Justice Murari, who authored the judgment on behalf of the bench, said: “What we find most interesting however, is that ancestry as a concept, especially before times of modern private property ownership, had remained to be a tool for inclusivity and not exclusion. In such a context, the use of the word ‘Pushtaini’ by the authority, to exclude compensation might be a historically inaccurate interpretation.”
He said that while this is not consequential to the merits of the case, “it is in our opinion a worthwhile observation, for law has to power to legitimise the meaning of words and can change the context in which a word is used, and in turn, can change the course of history itself.”
The bench noted that the establishment of Greater Noida was done for a noble purpose, i.e., to accommodate in the city all those who came travelling from every corner of the country in search of a better life.
“While doing so however, as can be seen in the present case, some residents whose land was subject to acquisition in the pursuit of the said aim, were faced with discrimination. In such circumstances, it becomes the duty of this court to dispense justice, and rectify the harm caused to those at the receiving end of the discrimination,” said Justice Murari.
The bench concluded that it is of the opinion that the classification made by both the executive actions is bad in law, and is liable to be set aside.
“The Land Acquisition Act does not envisage any differential compensation on the basis of such classification, and hence, this court must infer the compensation to be provided by the executive actions within the confines of Section 23 of the Act,” it said.

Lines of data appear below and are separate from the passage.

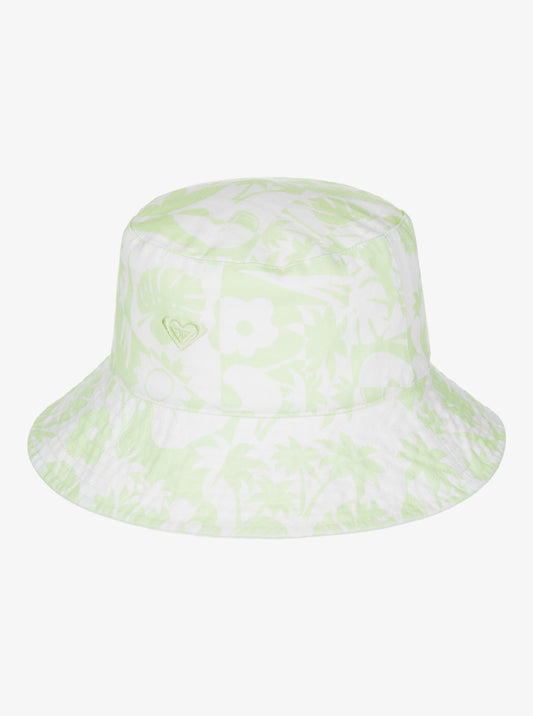 Womens Jasmine Paradise Reversible Bucket Hat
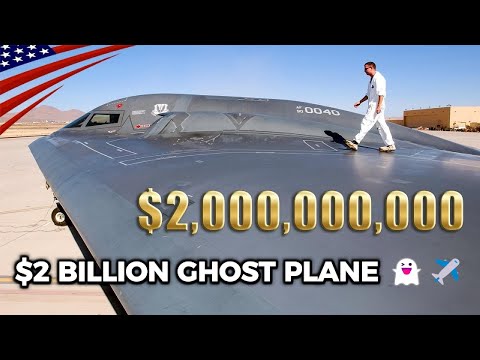 B-2 Spirit Stealth Bomber – Inside the $2 Billion Flying Wing  #stealthbomber #b-2 spirit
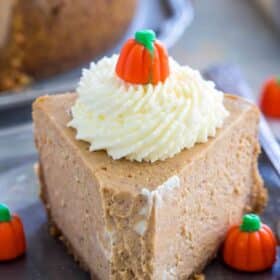 Instant Pot Pumpkin Cheesecake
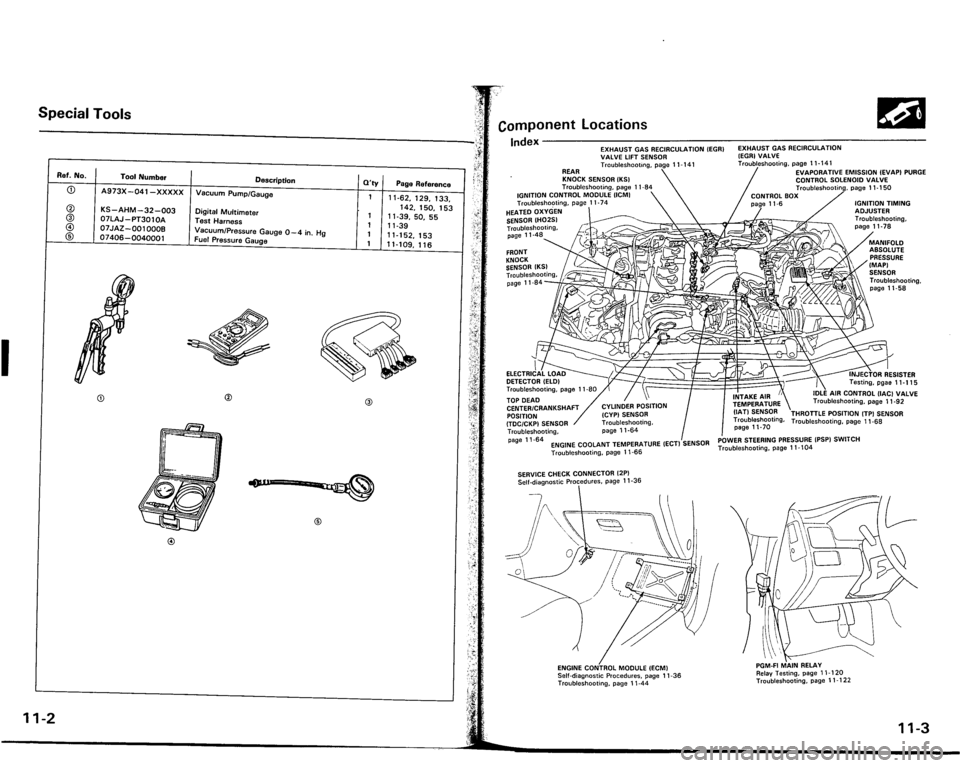 ACURA VIGOR 1993  Service Repair Manual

The bench noted that the objective of the said classification might have been noble, however, such classification only on the basis of conjectures and surmises cannot be sustained.
“If a claim is being made to differentiate between class of persons, such a claim must be backed by empirical data. While this court is not a fact-finding court and is a court of law, however, the law must also not be understood in isolation, but in the context in which it exists, as the law does not exist like an object within the statutes, but lives and evolves with the people it governs,” the bench said.
It framed legal questions while examining the matter and answered them in favour of the appellants, who were a group of landholders.
The apex court set aside the Allahabad High Court’s full bench decision of March 30, 2018, upholding the authorities’ order to provide additional compensation to ‘Pushtaini’ landholders for the land acquired.
Senior advocates Pradeep Kant represented the appellants, Ravindra Kumar Greater Noida, and Additional Advocate General Ravindra Kumar Raizada represented the Uttar Pradesh government.